Na diversidade das possibilidades que se apresentam, e na profusa riqueza das experiências com a imagem em movimento e com a projeção desde a invenção do cinema, nos toca portanto definir algumas fronteiras, delimitar certos parâmetros, fazer opções. Sobretudo o campo expandido em que a imagem em movimento nos coloca impõe definirmos critérios claros, metodologias, conceitos que alinhem os possíveis rumos de uma pesquisa ou processo poético de criação, ou seja, apontando a que tipo específico de obra nos referimos ou desejamos realizar. Isso é sempre e em algum nível uma escolha racional e ponderada, mas que não pode prescindir de sua maior porção intuitiva, poética, subjetiva e algo arbitrária. É nesse encontro imprevisível de águas que a arte costuma se produzir.

Referências

ARISTÓTELES. Poética. 3a. Ed. Lisboa: Fundação Calouste Gubenkian, 2008. 124 p.

BERGSON, Henri. Matéria e Memória. São Paulo: Martins Fontes, 2010. 291 p.

CAUQUELIN, Anne. A invenção da paisagem. São Paulo: Martins, 2007. 196 p.

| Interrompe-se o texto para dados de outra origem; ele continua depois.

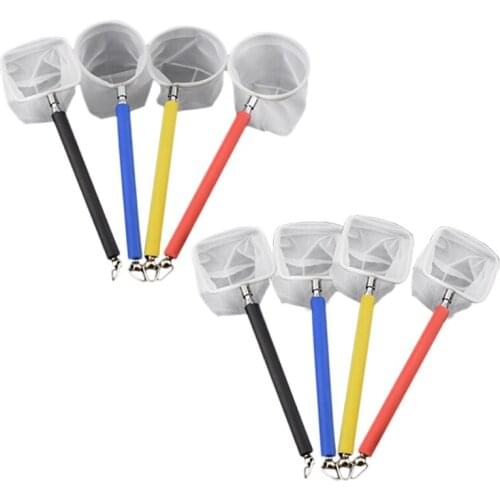 Mini Adjustable Fish Tank Catch Net Stainless Steel Shrimp Scoop Fish Scoop Round Square Pocket Shrimp Catching Nets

______________. Bergsonismo. São Paulo: Ed.34, 1999. 144 p.

MONDLOCH, Kate. Screens: viewing media installation art. Mineapolis: University of Minnesota Press, 2010.

MARTIN, Sylvia. GROSENICK, Uta (org.). Video art. Lisboa: Taschen GmbH, 2006. 96 p.

NANCY, Jean-Luc. What is this world coming to? New York: Fordham University Press, 2014. 144 p.

GRAU, Oliver. Arte virtual: da ilusão à imersão. São Paulo: Editora UNESP/Senac SP, 2007. 467 p.

KANT, Emmanuel. Crítica da faculdade do juízo. 3a. Ed. São Paulo: Forense Universitária, 2012. 382 p.

O´DOHERTY, Brian. No interior do cubo branco. São Paulo: Martins Fontes, 2002. 138 p.